Aconselho a leitura de:
- Crónica de D. João I de Fernão Lopes (várias edições disponíveis no mercado)
ver http://purl.pt/416/3/ 

- Crónica do Condestável, ou Crónica do Condestável de Portugal Dom Nuno Álvares Pereira, autor anónimo. ver http://purl.pt/14411/2/hg-21137-p_P...150/hg-21137-p_0000_capa-capa_t24-C-R0150.pdf 

Como é de calcular em Agosto, calor, o que jogou a favor dos portugueses, uma vez que os castelhanos no dia anterior à batalha vieram a marchar das Beiras.
Mais detalhadamente consultar as obras acima referidas!

Sugestão de visita:
http://www.fundacao-aljubarrota.pt/


----------



## Golden Fields (6 Abr 2011 às 21:06)

^O que é que tem os Castelhanos terem vindo a marchar pelas Beiras? Cansaço, só se for.
Segundo o que já li estava um calor abrasador.


----------



## iceworld (6 Abr 2011 às 23:37)

Golden Fields disse:


> ^O que é que tem os Castelhanos terem vindo a marchar pelas Beiras? Cansaço, só se for.
> Segundo o que já li estava um calor abrasador.
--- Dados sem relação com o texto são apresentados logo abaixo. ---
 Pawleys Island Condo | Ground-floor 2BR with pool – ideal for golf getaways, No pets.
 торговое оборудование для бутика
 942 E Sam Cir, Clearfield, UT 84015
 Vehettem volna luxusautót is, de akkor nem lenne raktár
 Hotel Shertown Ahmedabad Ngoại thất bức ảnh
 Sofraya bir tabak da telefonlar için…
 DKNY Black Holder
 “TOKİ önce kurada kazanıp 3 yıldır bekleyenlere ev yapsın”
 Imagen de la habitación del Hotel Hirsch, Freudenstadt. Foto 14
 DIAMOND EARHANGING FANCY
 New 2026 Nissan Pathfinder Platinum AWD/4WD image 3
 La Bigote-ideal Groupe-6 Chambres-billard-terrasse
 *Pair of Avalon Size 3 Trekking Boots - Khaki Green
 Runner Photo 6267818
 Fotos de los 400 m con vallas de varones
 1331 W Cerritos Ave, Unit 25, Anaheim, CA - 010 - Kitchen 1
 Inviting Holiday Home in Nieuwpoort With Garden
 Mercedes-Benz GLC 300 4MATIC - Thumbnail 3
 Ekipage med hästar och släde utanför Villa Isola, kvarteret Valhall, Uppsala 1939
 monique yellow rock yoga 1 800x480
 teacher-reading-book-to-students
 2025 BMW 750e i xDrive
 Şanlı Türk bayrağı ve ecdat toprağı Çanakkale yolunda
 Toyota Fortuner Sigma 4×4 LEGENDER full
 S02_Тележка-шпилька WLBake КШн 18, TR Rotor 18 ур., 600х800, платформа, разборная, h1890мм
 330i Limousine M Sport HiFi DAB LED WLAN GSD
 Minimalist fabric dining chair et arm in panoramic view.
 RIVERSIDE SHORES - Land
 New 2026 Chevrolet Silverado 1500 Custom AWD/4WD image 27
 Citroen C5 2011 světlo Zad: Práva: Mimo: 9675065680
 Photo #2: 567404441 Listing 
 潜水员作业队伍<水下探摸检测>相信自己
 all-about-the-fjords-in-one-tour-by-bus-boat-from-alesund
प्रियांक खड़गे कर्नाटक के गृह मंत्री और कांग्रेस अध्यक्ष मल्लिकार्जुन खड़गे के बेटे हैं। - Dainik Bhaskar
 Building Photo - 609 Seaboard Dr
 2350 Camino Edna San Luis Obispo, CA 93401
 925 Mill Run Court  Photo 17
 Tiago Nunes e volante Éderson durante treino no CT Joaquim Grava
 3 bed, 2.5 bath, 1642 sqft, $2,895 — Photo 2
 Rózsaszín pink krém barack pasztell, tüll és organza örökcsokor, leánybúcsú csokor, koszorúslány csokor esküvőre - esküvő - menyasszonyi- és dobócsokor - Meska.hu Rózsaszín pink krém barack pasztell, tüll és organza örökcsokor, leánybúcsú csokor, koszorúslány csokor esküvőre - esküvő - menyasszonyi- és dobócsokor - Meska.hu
E marchar com um calor abrasador não é bem mais desgastante do que marchar com o tempo ameno ou frio??


----------



## Golden Fields (7 Abr 2011 às 02:39)

Não entendi dessa forma, pensei que estivesse a referir que as Beiras são menos quentes que o Oeste no Estio, quando é exactamente o contrário..
De qualquer forma eram 10.000 soldados Portugueses contra a invasão de 30.000 Castelhanos no Território Português


----------



## joseoliveira (7 Abr 2011 às 10:38)

Deve-me estar a escapar aqui alguma coisa e desde já assumo se tal acontece, mas parece haver aqui alguma incoerência quanto ao facto de se tratar do mês de Agosto!
Se a invasão castelhana insurge das Beiras, certamente quente por essa altura e falando do que habitualmente se passa no interior da P.I. com extremos mais acentuados, porque razão o texto parece dar a entender que a região de Aljubarrota seria uma fornalha pronta a cozinhar os invasores?! 
Acho que não faz sentido...


----------



## Costa (7 Abr 2011 às 11:58)

joseoliveira acho que lhe está a escapar tudo.

A batalha de Aljubarrota não ficou conhecida pelo calor, nem pelo efeito do mesmo nos seus participantes, mas por outra situação de que todos nos orgulhamos. 


Só tem razão quanto à fornalha, a padeira tinha-a bem quente, pronta a cozinhar os invasores.


----------



## joseoliveira (7 Abr 2011 às 20:49)

Atenção que não falei do mês de Agosto como sabendo à partida que a referida batalha tivesse ocorrido nesse mês, apenas segui o raciocínio do que já tinha sido apontado anteriormente. É um facto e assumo já não recordar pormenores dessa passagem da história e até de outras em Portugal ao ponto de concordar ou não com os registos históricos..., afinal foram tantas as "histórias" que tive que abordar depois dessa que agora só através de renovadas pesquisas conseguiria lá chegar e de facto não foi o caso.


----------